_Work required_
Both the line below containing "Photo 26 of" and the line containing "1979 Mercedes-Benz 450SEL", along with every line between them, should be repeated exactly; no other line belongs in the answer.

_Data shown_
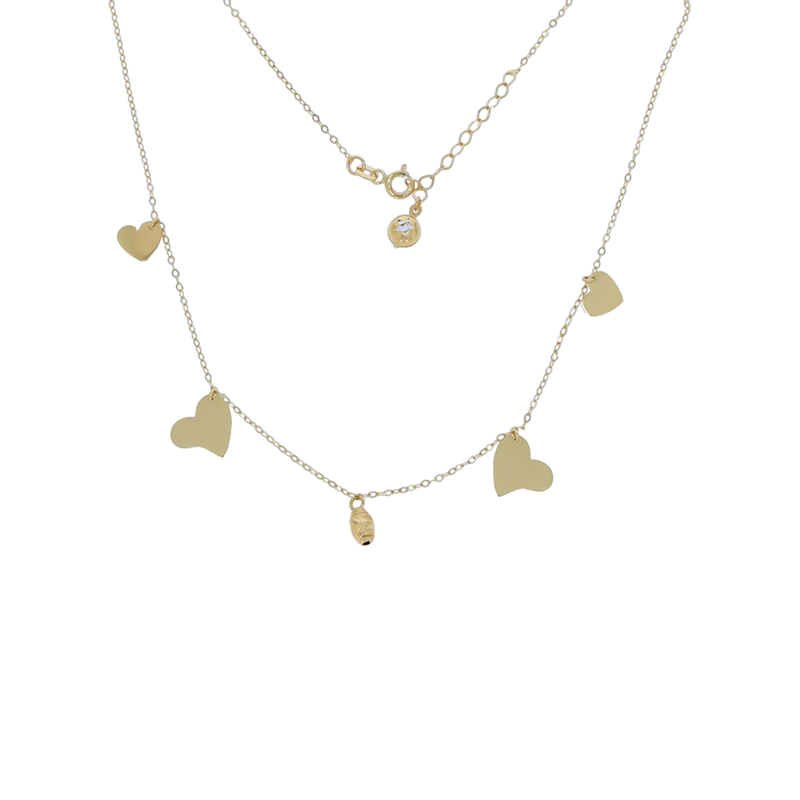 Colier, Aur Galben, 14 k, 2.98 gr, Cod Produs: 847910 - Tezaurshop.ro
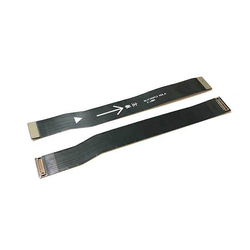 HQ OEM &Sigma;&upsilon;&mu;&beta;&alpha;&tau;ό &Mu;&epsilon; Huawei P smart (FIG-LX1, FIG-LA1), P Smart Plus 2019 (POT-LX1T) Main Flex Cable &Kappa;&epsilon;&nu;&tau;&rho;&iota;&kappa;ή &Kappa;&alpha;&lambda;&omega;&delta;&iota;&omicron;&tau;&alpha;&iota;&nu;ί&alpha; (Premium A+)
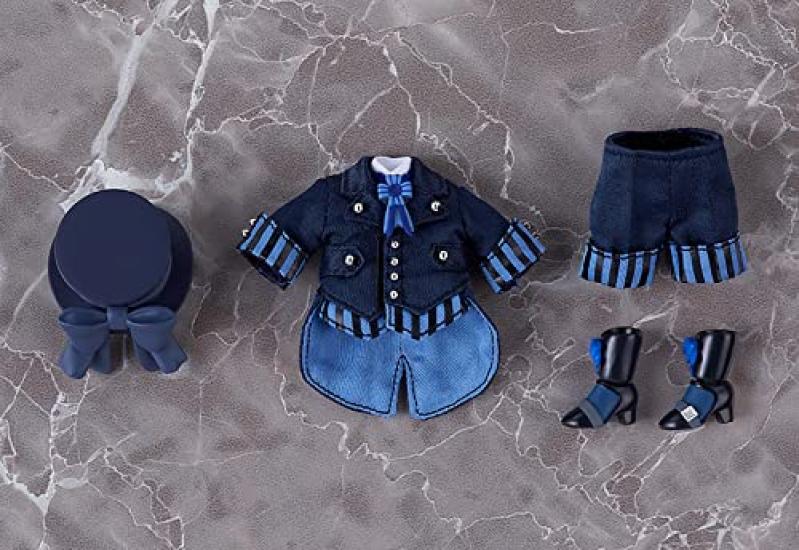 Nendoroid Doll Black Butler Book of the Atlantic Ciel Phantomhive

* * *

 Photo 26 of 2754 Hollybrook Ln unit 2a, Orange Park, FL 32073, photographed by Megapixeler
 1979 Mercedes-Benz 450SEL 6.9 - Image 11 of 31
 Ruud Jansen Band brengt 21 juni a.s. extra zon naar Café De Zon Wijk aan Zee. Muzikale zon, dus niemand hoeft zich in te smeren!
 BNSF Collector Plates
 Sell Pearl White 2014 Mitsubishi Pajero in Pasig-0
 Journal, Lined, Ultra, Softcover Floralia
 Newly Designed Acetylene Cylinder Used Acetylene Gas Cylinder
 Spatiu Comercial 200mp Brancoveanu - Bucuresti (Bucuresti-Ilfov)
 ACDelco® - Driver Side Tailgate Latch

_Answer area_
 Photo 26 of 2754 Hollybrook Ln unit 2a, Orange Park, FL 32073, photographed by Megapixeler
 1979 Mercedes-Benz 450SEL 6.9 - Image 11 of 31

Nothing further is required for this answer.